Yes, I thought “he.” Let’s be honest.
But, I wondered, what particular cause did this guy find was just so important to justify murdering strangers?
With which holy book, if any, did he find justification? What group or groups did he blame?
Let’s be honest. They all blame others.
What political conspiracy did he prescribe to and what groups are victimized by this political conspiracy that most of us so-called “sheep” just don’t believe in because we’re too busy numbing ourselves with reality TV and the NFL to notice that aforementioned group or groups are doing whatever really bad things and how much worse it is going to get if people like him and the other people who read and write the things he agrees with don’t do something to put a stop to it?
As nonplussed as I was in Austin, my stress level rose after we landed at LAX. Some vehicles were being let onto the airport and some vehicles were not. The shuttle bus that connects people like me from the airport to Downtown L.A. to where we can take another train, if need be, to our urban homes, were not coming. No matter how long we all stood there waiting.

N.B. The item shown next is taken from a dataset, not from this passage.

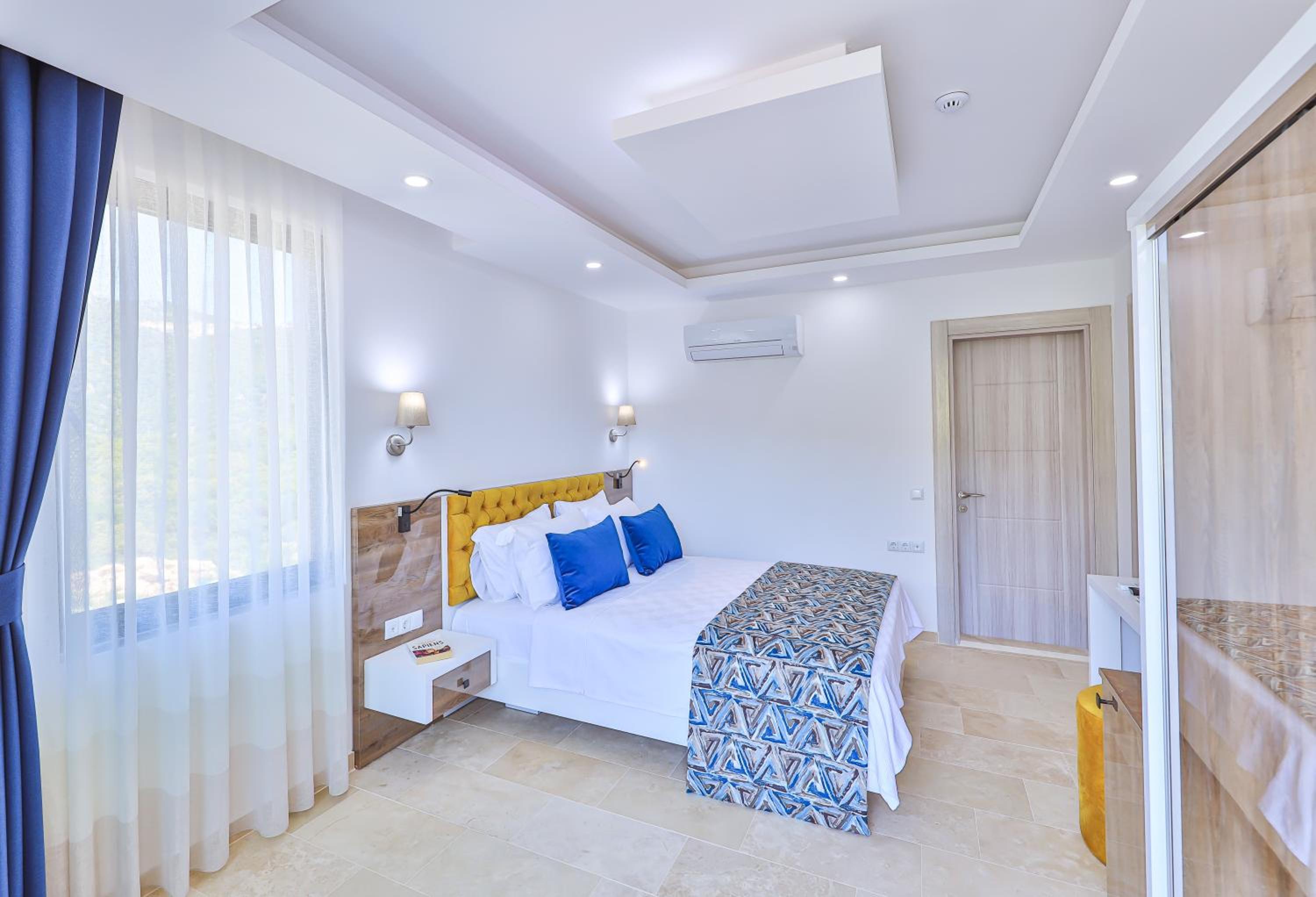 Villa with Sea View - Photo 44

I began to wonder if it was as insane an idea as I thought it probably was to just walk off of the airport and keep walking until I could get a bus or a cab or something to get me home.
I started walking. I could not remember the configuration of the airport, if I was just going to walk into a highway or if there would be surface roads and bus stops and businesses. It’s funny how you don’t notice things like that when you don’t need to.
I quickly discovered a mass of humanity with the same idea, but with more luggage than I. (I only was in Austin for a week, and I travel light.) Rolling and hauling their suitcases, carrying or pulling the hands of small children, we all walked, like pilgrims toward a holy site.
Then, I noticed them. Another mass of humanity pulled and carried luggage and children onto the airport, realizing that for them, too, motorized transportation was not going to happen, and that they were going to do what they had to do.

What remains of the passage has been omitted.